1/10
Only slightly less awful than the director's earlier, Night Of Horror
31 October 2017
This movie sucks. Oh, my Christ, does it suck, but it doesn't suck quite as badly as its predecessor, Night Of Horror, as things actually happen in this one. Granted, not much happens, and it's usually too dark to tell what is going on, but least * something * happens, and the movie seems to move by much quicker than its predecessor. The ruins shown in several scenes are interesting looking, and give the film the slightest bit of atmospherics, but Night Of Horror had a couple more unintentionally amusing lines.

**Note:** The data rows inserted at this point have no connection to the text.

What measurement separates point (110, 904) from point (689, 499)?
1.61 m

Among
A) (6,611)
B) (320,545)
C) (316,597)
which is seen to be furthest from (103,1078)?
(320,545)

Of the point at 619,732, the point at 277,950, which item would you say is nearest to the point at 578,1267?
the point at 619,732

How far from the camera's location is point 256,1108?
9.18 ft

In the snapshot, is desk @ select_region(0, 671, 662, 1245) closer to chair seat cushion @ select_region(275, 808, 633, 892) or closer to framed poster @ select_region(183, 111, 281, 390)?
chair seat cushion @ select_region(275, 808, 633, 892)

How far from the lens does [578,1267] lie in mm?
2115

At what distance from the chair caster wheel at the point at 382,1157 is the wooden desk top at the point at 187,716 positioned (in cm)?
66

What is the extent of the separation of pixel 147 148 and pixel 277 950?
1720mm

Not exactly a remake, as is sometimes claimed, as Night Of Horror is about a dim, grimy guy recounting an experience about camping with friends, and ghosts of confederate soldiers haunting them for help in burying their leader's skull. This film is about a group ( played by much of the same cast ) camping in the woods, who are attacked by confederate cannibal zombies. There is an explanation as to why this is happening given toward the end, but by that point in time, my mind was wandering so much that I can't recall what that explanation was.

Even​ morseo than its predecessor, day changed to night, and back and forth, many times throughout this one. Does this film also take place over the course of one night, or about nineteen?

The alliterative cursed cannibal Confederates look like Herk Harvey's ghouls in 1962's infinitely better Carnival Of Souls, which only made me wish I was watching that film again.

Let's not forget those chewing sounds. Those horrible, ridiculously loud, unsynchronised chewing sounds, present throughout a lot of the final act, which only serve to induce nausea in viewers, both of them.

The cut I watched has ' Curse of the Cannibal Confederates, 1987 ' , immediately followed by ' Curse of the Screaming Dead, 1982 ' , even the film doesn't know when it was released, or its title. As with Night Of Horror, judging by the hairstyles, and clothing, I'm guessing this was filmed in the mid 70s, and sat unreleased for a number of years.

This film, like the director's previous film, Night Of Horror, both appear to have been filmed in the 1970s, and​ sat unreleased for a number of years before being released, if they were ever publicly released at all, prior to Troma getting hold of both of them in the 1980s, as all of the opening and closing credits are obviously added in much later.